Type "show configuration" for configuration details.
For bug reporting instructions, please see:
<http://www.gnu.org/software/gdb/bugs/>.
Find the GDB manual and other documentation resources online at:
    <http://www.gnu.org/software/gdb/documentation/>.

For help, type "help".
Type "apropos word" to search for commands related to "word".
Attaching to process 8383
[New LWP 8388]
[New LWP 8389]
[New LWP 8390]
[New LWP 8391]
[New LWP 8396]
[New LWP 8397]
[New LWP 8398]
[New LWP 8399]
[Thread debugging using libthread_db enabled]
Using host libthread_db library "/usr/lib/libthread_db.so.1".
0x00007f3580fc910c in llvm::Twine::toVector(llvm::SmallVectorImpl<char>&) const ()
   from /tmp/taichi-7haz507t/taichi_core.so
(gdb)

To Reproduce
Just run the example/mpm128.py.

If you have local commits (e.g. compile fixes before you reproduce the bug), please make sure you first make a PR to fix the build errors and then report the bug.

dependency potential bug

Source

archibate

Most helpful comment

Yes, it did.

(gdbtrig) [bate@archit taichi]$ TI_USE_UNIFIED_MEMORY=0 p examples/fractal.py 
[Taichi] mode=development
[Taichi] preparing sandbox at /tmp/taichi-mxhjexut
[Taichi] sandbox prepared
[I 04/13/20 09:42:03.300] [cuda_driver.cpp:CUDADriver@30] CUDA DETECTED
[Taichi] <dev mode>, supported archs: [cpu, cuda, opengl], commit 4e2e5605, python 3.8.2
X connection to :0 broken (explicit kill or server shutdown).

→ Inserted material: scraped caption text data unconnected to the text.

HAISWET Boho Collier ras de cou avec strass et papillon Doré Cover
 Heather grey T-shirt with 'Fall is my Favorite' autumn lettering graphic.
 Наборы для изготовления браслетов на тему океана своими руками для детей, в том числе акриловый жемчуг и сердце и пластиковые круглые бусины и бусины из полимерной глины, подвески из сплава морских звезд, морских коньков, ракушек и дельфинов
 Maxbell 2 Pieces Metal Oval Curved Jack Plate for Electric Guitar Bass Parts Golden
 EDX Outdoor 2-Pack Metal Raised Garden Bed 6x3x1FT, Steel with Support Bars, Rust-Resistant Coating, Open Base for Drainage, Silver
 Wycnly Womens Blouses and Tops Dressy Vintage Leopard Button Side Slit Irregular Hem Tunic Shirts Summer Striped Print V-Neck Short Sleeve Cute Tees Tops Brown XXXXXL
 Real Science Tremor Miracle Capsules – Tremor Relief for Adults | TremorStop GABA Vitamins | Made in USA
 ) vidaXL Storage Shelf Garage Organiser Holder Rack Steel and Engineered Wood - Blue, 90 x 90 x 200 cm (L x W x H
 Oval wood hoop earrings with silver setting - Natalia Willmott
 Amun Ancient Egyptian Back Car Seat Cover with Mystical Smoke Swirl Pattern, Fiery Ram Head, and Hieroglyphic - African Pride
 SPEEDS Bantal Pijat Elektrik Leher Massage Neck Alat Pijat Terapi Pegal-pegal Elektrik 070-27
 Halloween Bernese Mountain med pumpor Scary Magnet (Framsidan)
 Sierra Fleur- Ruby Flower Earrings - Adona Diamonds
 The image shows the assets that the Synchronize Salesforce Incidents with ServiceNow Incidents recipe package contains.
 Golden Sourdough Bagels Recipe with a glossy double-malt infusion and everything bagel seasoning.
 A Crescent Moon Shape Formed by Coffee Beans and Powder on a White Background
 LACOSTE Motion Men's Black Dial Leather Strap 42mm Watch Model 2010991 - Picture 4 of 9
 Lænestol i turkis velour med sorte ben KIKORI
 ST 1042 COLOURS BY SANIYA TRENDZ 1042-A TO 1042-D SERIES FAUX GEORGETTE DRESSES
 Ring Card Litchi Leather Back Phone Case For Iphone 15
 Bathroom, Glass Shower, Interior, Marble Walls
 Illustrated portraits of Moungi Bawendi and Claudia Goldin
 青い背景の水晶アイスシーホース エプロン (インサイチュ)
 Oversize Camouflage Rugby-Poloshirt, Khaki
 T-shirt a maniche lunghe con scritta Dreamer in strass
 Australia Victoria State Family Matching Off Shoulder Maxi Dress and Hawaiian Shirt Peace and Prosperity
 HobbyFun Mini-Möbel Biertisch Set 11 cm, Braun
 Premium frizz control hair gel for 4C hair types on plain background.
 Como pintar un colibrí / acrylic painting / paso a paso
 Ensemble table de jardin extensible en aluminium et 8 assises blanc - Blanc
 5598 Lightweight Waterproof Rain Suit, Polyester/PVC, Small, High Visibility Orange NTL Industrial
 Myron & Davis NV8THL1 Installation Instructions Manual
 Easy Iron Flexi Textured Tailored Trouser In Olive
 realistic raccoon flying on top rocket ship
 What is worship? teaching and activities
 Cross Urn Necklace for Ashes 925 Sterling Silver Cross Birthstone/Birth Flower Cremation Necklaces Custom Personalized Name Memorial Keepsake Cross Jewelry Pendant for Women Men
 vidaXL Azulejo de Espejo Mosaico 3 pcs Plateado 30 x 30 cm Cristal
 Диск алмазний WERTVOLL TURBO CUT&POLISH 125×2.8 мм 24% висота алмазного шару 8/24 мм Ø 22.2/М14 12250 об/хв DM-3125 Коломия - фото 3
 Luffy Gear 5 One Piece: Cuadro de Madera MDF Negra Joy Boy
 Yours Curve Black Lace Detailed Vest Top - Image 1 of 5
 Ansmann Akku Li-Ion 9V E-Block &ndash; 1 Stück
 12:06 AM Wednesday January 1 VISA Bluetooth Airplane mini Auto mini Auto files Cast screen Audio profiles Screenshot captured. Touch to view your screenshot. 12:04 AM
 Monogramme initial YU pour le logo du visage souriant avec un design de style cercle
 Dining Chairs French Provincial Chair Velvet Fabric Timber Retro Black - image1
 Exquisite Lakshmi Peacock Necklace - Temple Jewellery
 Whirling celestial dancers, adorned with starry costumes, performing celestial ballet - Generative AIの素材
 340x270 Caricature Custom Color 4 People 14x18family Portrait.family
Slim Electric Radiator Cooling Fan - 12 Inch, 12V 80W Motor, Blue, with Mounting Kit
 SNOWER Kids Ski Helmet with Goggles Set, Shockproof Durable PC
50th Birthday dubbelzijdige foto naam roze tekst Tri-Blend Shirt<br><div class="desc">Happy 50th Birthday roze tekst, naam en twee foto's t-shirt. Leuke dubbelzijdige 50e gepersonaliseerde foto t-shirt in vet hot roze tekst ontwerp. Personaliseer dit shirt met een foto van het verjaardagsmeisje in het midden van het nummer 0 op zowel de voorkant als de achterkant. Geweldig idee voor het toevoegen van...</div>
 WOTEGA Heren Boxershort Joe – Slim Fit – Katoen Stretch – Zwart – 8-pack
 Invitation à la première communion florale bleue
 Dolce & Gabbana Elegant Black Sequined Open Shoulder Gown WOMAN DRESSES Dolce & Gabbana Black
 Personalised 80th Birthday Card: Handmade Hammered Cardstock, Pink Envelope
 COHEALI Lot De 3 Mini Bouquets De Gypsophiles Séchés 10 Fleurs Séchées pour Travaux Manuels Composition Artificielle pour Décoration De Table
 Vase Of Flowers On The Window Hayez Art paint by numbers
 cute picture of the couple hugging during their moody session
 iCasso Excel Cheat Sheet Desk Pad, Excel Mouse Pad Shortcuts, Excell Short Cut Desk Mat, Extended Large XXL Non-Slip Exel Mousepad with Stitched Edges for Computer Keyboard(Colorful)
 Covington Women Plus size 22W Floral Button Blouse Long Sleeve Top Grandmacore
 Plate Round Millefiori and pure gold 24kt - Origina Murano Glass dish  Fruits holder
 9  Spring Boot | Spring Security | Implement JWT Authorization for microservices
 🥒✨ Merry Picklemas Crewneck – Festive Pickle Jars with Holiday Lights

The with_cuda still returns true however, according to my TI_INFO("CUDA_DETECTED");.

archibate on 13 Apr 2020

👍2

All 15 comments

Introduced in #756

archibate on 13 Apr 2020

Does setting envvar TI_USE_UNIFIED_MEMORY=0 fix your problem?

yuanming-hu on 13 Apr 2020

👍1

Yes, it did.

(gdbtrig) [bate@archit taichi]$ TI_USE_UNIFIED_MEMORY=0 p examples/fractal.py 
[Taichi] mode=development
[Taichi] preparing sandbox at /tmp/taichi-mxhjexut
[Taichi] sandbox prepared
[I 04/13/20 09:42:03.300] [cuda_driver.cpp:CUDADriver@30] CUDA DETECTED
[Taichi] <dev mode>, supported archs: [cpu, cuda, opengl], commit 4e2e5605, python 3.8.2
X connection to :0 broken (explicit kill or server shutdown).

The with_cuda still returns true however, according to my TI_INFO("CUDA_DETECTED");.

archibate on 13 Apr 2020

👍2

I never tried the CUDA backend without unified memory on Linux - glad that it works now. Maybe we should simply disable CUDA backend unified memory on NVIDIA GTX 9 series on Linux? It's better than not having a CUDA backend at all, for these users.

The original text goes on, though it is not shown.